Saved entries
______

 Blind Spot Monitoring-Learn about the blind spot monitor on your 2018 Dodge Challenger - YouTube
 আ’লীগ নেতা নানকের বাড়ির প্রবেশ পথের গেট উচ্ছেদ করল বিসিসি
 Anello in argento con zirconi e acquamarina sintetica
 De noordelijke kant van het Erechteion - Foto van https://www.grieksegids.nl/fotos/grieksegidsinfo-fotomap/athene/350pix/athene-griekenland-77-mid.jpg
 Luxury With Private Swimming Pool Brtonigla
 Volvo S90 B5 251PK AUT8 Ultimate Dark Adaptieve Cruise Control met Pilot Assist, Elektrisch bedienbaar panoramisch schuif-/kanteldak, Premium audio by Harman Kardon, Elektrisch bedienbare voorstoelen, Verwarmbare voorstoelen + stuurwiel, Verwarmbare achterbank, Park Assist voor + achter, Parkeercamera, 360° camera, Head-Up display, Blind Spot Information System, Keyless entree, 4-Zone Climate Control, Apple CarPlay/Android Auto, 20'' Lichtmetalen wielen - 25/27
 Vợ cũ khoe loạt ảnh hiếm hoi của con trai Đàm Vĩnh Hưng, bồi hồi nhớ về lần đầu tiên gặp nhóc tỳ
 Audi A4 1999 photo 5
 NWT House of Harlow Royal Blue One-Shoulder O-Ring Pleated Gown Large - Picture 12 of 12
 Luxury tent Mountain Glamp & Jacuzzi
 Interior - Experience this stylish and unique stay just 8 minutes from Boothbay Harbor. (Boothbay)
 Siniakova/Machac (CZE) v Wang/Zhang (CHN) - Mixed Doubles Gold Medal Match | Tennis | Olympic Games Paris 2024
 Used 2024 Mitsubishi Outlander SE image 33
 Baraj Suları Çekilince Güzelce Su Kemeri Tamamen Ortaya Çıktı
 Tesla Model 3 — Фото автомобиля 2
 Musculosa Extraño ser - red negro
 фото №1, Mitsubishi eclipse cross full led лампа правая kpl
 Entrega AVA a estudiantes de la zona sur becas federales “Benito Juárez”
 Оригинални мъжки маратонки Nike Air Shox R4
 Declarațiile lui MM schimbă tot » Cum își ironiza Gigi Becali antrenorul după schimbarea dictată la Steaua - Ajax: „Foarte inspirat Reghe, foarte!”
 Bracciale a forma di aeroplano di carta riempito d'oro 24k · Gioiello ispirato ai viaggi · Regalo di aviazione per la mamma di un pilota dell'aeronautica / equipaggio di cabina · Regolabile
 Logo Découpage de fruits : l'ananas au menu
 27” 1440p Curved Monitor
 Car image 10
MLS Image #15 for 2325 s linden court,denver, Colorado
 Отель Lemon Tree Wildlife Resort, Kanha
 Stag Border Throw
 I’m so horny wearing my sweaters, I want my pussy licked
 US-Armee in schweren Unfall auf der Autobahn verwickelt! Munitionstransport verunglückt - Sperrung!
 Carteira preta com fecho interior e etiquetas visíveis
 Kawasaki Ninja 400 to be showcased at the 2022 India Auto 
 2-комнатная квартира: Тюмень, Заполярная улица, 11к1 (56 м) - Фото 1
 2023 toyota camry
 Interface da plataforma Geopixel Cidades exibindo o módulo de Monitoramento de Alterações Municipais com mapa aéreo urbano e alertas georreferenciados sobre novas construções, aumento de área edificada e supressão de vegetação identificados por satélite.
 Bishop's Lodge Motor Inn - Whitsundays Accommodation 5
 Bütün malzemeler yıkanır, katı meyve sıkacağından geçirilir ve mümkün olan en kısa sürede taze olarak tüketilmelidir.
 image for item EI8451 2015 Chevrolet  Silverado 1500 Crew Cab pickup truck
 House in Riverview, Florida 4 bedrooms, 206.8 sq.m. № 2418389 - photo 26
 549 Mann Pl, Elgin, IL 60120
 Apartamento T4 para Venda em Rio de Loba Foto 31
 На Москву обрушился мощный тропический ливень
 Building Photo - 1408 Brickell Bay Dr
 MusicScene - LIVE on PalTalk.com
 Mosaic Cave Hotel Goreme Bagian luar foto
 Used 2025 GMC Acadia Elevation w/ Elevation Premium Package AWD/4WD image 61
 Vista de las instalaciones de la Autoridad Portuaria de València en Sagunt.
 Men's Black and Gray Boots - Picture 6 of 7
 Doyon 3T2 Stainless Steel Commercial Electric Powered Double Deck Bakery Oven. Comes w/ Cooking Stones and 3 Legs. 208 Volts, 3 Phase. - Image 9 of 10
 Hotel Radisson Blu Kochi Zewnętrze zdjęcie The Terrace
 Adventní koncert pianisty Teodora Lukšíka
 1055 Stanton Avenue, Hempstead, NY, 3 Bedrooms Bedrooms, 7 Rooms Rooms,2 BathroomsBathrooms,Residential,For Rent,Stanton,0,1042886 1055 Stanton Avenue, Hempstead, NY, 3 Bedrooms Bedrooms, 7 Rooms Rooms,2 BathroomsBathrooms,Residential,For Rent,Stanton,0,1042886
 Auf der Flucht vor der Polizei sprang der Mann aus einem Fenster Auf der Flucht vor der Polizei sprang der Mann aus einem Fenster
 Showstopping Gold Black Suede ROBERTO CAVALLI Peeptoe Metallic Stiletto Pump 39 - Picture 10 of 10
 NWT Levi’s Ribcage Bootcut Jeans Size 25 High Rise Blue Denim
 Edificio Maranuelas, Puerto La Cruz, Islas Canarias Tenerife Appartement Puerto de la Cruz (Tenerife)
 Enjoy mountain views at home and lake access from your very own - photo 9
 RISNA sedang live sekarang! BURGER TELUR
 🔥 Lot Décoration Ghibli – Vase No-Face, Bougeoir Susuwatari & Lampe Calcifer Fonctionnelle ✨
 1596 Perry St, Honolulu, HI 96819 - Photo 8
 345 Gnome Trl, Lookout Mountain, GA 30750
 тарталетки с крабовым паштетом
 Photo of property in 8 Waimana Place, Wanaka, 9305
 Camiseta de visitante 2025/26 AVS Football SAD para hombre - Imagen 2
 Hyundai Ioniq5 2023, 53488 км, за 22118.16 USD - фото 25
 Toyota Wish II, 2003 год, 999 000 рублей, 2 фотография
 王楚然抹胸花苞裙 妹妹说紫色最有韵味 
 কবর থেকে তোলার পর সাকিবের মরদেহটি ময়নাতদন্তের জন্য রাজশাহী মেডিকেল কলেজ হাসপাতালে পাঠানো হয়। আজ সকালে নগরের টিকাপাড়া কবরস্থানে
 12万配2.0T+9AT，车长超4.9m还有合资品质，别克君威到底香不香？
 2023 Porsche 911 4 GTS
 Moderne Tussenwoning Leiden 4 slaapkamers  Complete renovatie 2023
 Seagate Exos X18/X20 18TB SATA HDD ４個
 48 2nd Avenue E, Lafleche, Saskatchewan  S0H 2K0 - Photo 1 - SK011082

______

**Assigned task:** Take the stretch of lines above from the one containing "Adventní koncert pianisty Teodora Lukšíka" through the one containing "Calcifer Fonctionnelle ✨" and repeat it exactly, adding no other line.

**Written reply:**
 Adventní koncert pianisty Teodora Lukšíka
 1055 Stanton Avenue, Hempstead, NY, 3 Bedrooms Bedrooms, 7 Rooms Rooms,2 BathroomsBathrooms,Residential,For Rent,Stanton,0,1042886 1055 Stanton Avenue, Hempstead, NY, 3 Bedrooms Bedrooms, 7 Rooms Rooms,2 BathroomsBathrooms,Residential,For Rent,Stanton,0,1042886
 Auf der Flucht vor der Polizei sprang der Mann aus einem Fenster Auf der Flucht vor der Polizei sprang der Mann aus einem Fenster
 Showstopping Gold Black Suede ROBERTO CAVALLI Peeptoe Metallic Stiletto Pump 39 - Picture 10 of 10
 NWT Levi’s Ribcage Bootcut Jeans Size 25 High Rise Blue Denim
 Edificio Maranuelas, Puerto La Cruz, Islas Canarias Tenerife Appartement Puerto de la Cruz (Tenerife)
 Enjoy mountain views at home and lake access from your very own - photo 9
 RISNA sedang live sekarang! BURGER TELUR
 🔥 Lot Décoration Ghibli – Vase No-Face, Bougeoir Susuwatari & Lampe Calcifer Fonctionnelle ✨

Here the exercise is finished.